11) I started my research, attempted some editing, whipped up a query and sent it to a million agents.
12) I was greeted with rejection, kind words, no words, and a few peeps of intrigue. However, after speaking with the interested parties, I soon came to realize that I didn't actually want to lose my rights or the creative control over my work, which comes customary with traditional publishing. At the same time, I knew that I was not qualified to publish Leo's story on my own with no background in the publishing world. I was at a loss for what to do...
13) I moped about for a really long time. But every time I thought back to Leo—about how he continued on despite his difficulties—I realized I owed it to him and to all the children who could potentially find comfort from his story, to not give up. I returned my attentions to pursuing a traditional agreement, when I stumbled across an article on hybrid publishing.
14) The dark nimbi parted! I put everything on hold and sent my query to a handful of selective publishers and was quickly invited to consider publication with Greenleaf Bookgroup after their review. After heavy deliberation, I signed a contract with them and was back to work; only the work, for the first time in my life, felt like work worth doing!
15) But editing and writing are not one in the same. I did not enjoy the editing process. It's caging. It's not free or liberating like writing is, in a Picasso sort of way, but it's technically demanding and mildly maddening, like trying to perfectly replicate a Seurat. Your imagination is weirdly compared to the imaginations of others. You'll be made to adjust things that will completely twist the story you had in your head because it reminds your editor of something you've never even read. (I suppose this is why so many in the industry insist that reading everything you can in your genre is a golden rule for aspiring authors, but, at the same time, if I had, Leo's world would have likely never existed!)

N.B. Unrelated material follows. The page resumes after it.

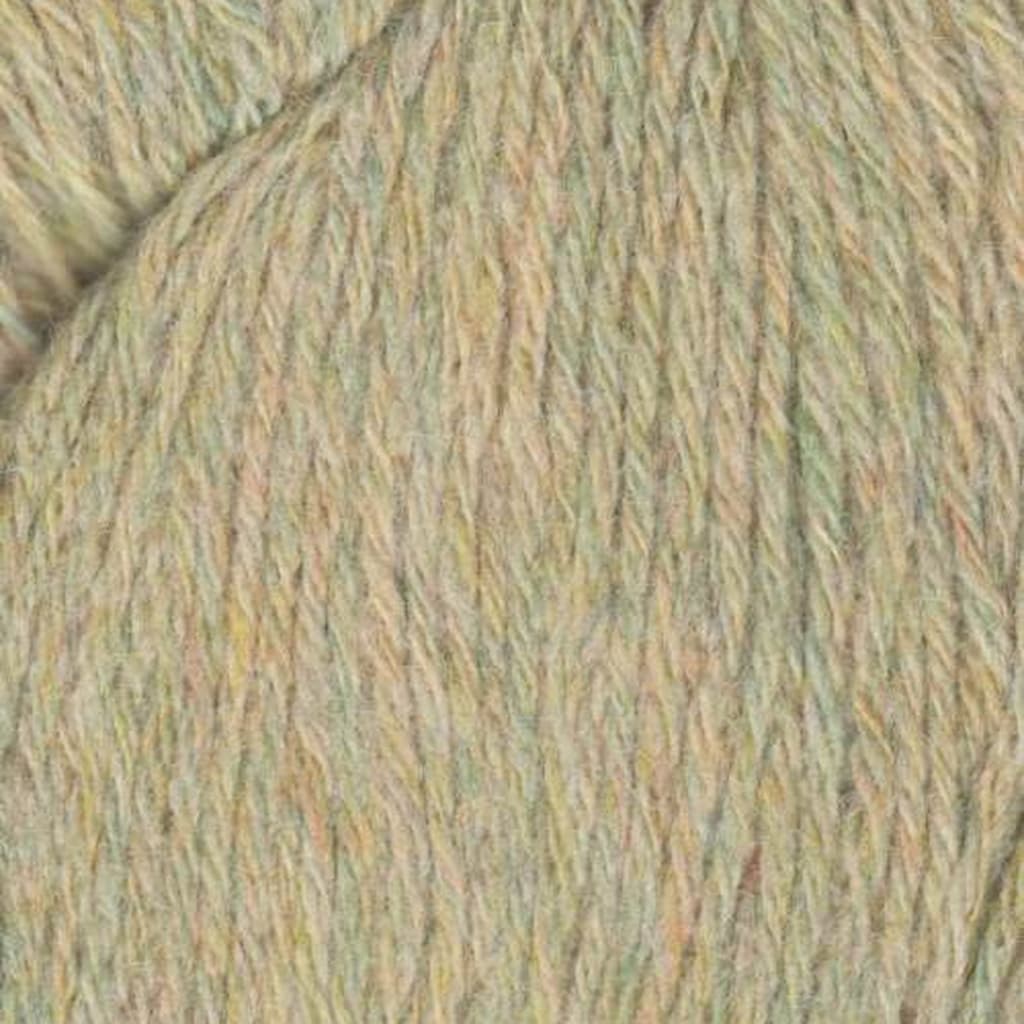 Queensland Tenderfoot Yarn - Paradise Fibers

16) But having a contract and a wonderful team to help polish my work was not the end of my publication storm. I was not content with having a simple "designed" cover, which had been offered with my agreement. I wanted the cover to be something that my eleven-year-old-self would have picked-up with zest! It needed to be fun and dark and intriguing! I had to find an illustrator! (And if you know any illustrators personally, you may better know that they all live in some bizarre unreachable realm of time and space!)
17) The clock ticked and I came up short. I stared at my computer screen with an unbearable sense of doom. I had never drawn on the computer before and I knew that classical oil painting would do me no good. I wasn't trained in Photoshop...I had never used a pen tablet! Yet, there I was.
18) So I battled the Can't-do-ums in my head and simply got to it. I completed the jacket art and fifteen—fifteen chapter illustrations all out of a hotel room, under so much mental strain that I'm still not sure how I didn't just blow up!
19) Then came the need for the case design, cover copy, proof alterations, a logo, a website, and some sort of social media presence...so I shouted a bit more and got to work again.
20) And now, I'm on to outreach and marketing and creating a full-blown academic site to try to help make life a little easier for teachers to get this book to the kids who need it, and am, in short, "BEZAUSTED!" (which means "beyond exhausted" for those of you who are not up to date with 2113 lingo!). But the book is done. The story that feel into my head seven years ago is out. And Leo Gray and his friends are all here for you now, whenever you wish—and that's more than I could have ever dreamed of.